In your user storage, wherever that may be, add the ability to store an array. In most relational databases (if you're using that), it'll come in the form of an additional table. Make it easy to search for the entries corresponding to a user.
For simplicity's sake, here is the idea. This is your users table:
+---------------------------------------------------+
| users |
+----+----------+---------+------------+------------+
| id | username | enabled | created_at | updated_at |
+----+----------+---------+------------+------------+
We're going to create user_tokens
to go with it:
+-------------------------------------------+
| user_tokens |
+-------+---------+------------+------------+
| token | user_id | created_at | updated_at |
+-------+---------+------------+------------+
This table should promote fast access to all tokens for a given user, and the tokens should not be unique across all users, just one, so we're going to use (user_id, token)
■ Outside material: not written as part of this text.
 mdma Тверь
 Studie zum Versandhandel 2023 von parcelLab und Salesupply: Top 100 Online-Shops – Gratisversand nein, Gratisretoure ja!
as a composite primary key. We're also going to have to be able to delete the oldest tokens, so you're going to want to add (user_id, created_at)
as an index.
Whenever a new user logs in, create a new token and store it with their session (or session alternative). If there are more than N sessions, remove the oldest tokens to match the count.
Whenever a request is made, check if the token exists in the table. If it does not, then your user is simply not logged in. Due to the lightweight nature of this table, lookups should not be perceivable in terms of response times.